*Activity*: Could the data below please be reproduced word for word, without the pictures?

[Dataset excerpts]
·····

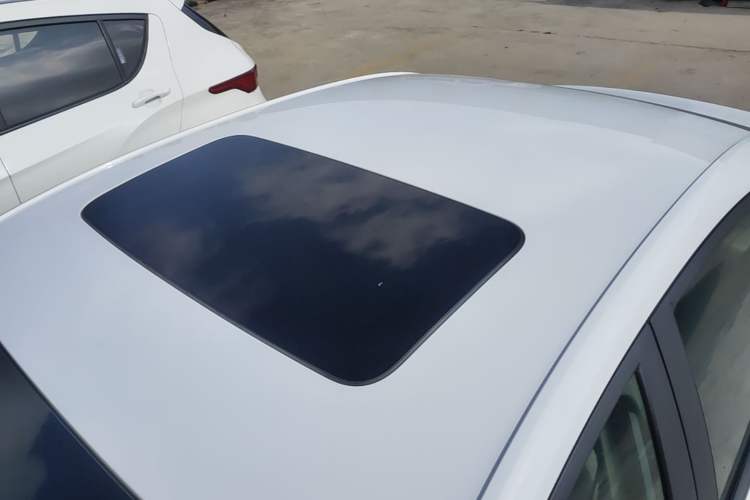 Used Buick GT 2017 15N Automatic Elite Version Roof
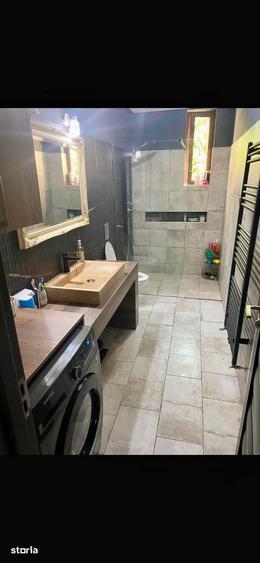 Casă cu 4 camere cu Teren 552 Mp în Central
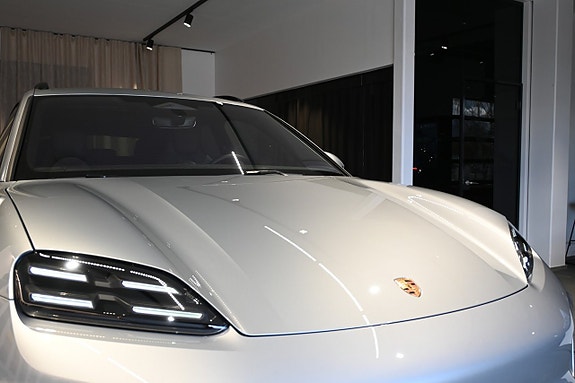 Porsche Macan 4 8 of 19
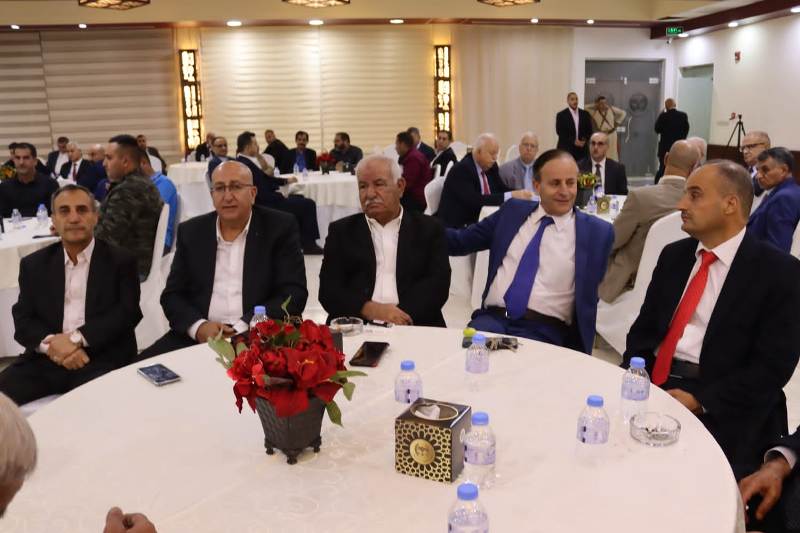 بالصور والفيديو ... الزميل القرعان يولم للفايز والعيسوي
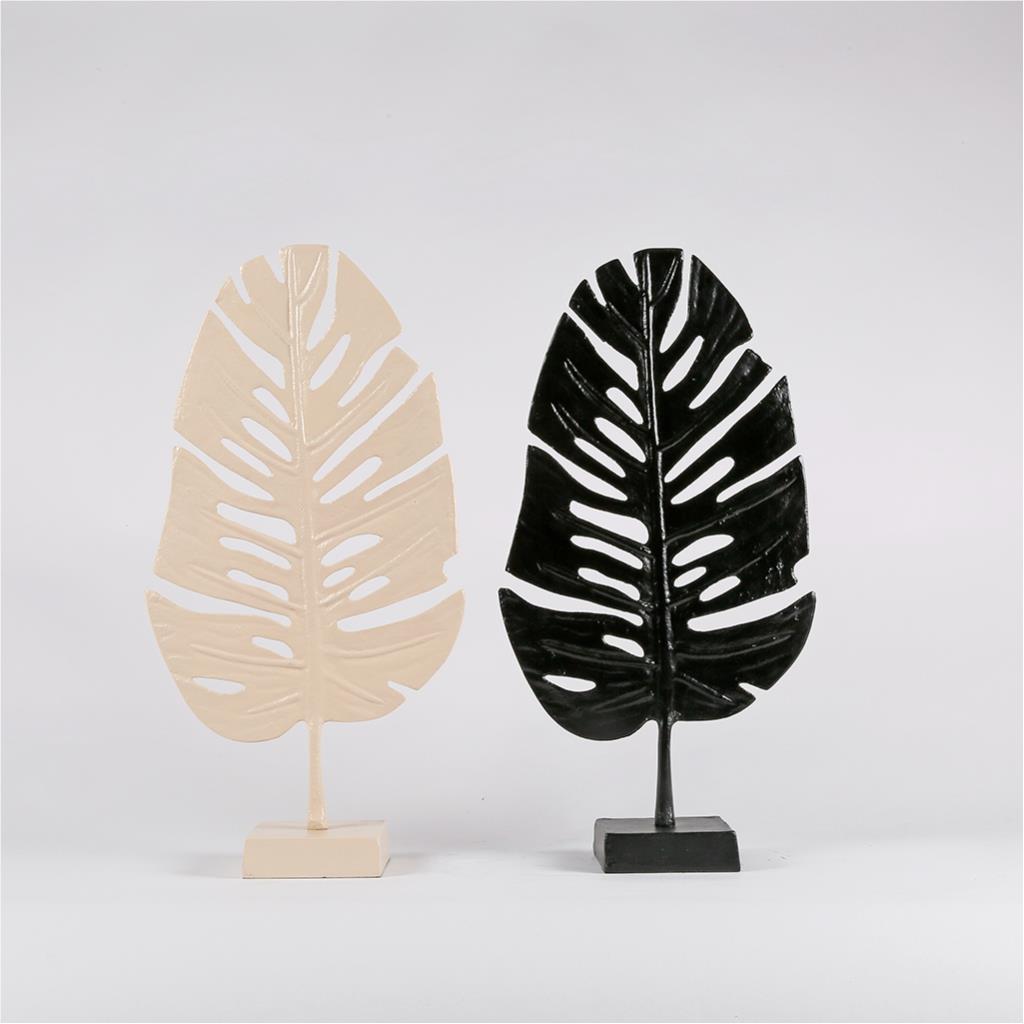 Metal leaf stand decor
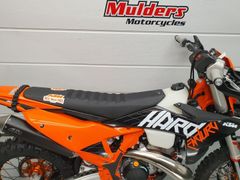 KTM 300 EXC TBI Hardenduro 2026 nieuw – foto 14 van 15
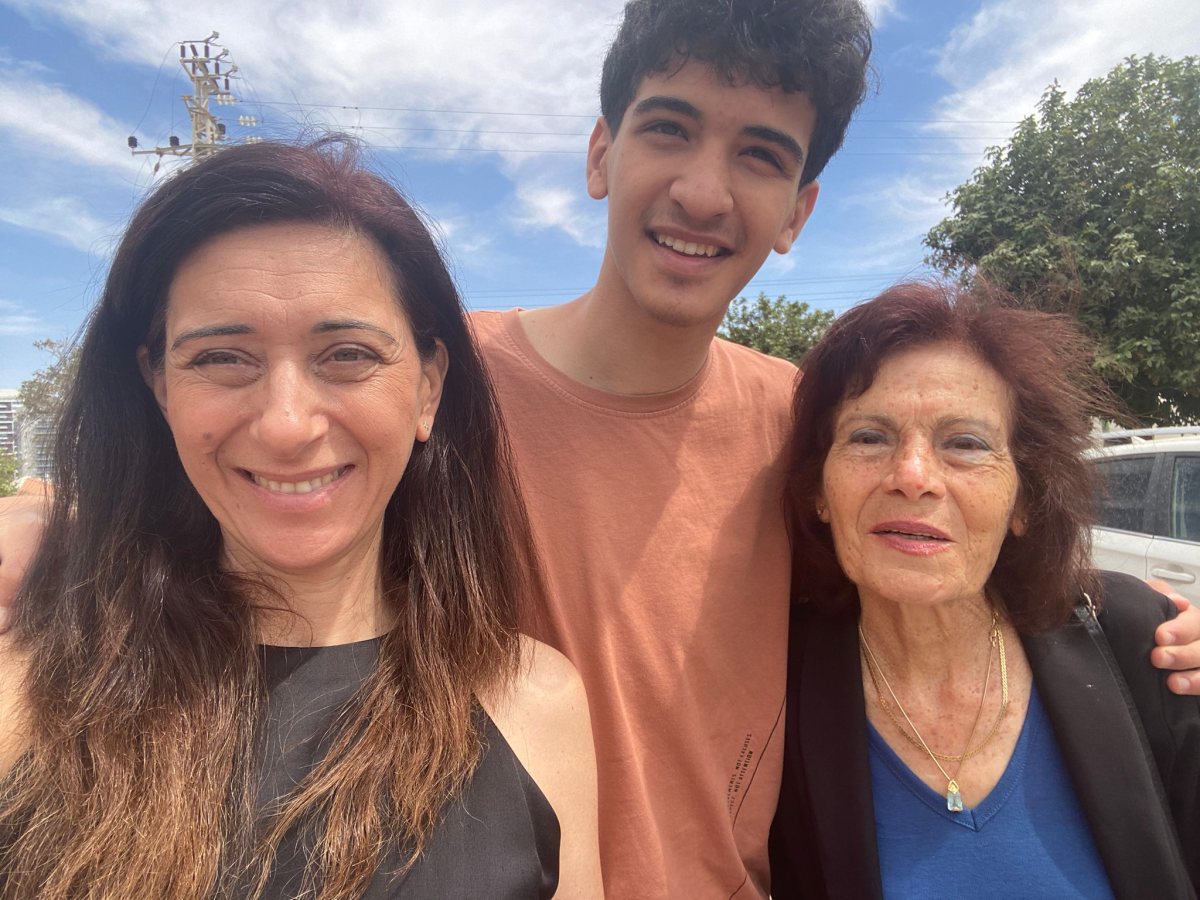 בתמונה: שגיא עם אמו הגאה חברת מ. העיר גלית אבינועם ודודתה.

·····

*Written answer*:
 Used Buick GT 2017 15N Automatic Elite Version Roof
 Casă cu 4 camere cu Teren 552 Mp în Central
 Porsche Macan 4 8 of 19
 بالصور والفيديو ... الزميل القرعان يولم للفايز والعيسوي
 Metal leaf stand decor
 KTM 300 EXC TBI Hardenduro 2026 nieuw – foto 14 van 15
 בתמונה: שגיא עם אמו הגאה חברת מ. העיר גלית אבינועם ודודתה.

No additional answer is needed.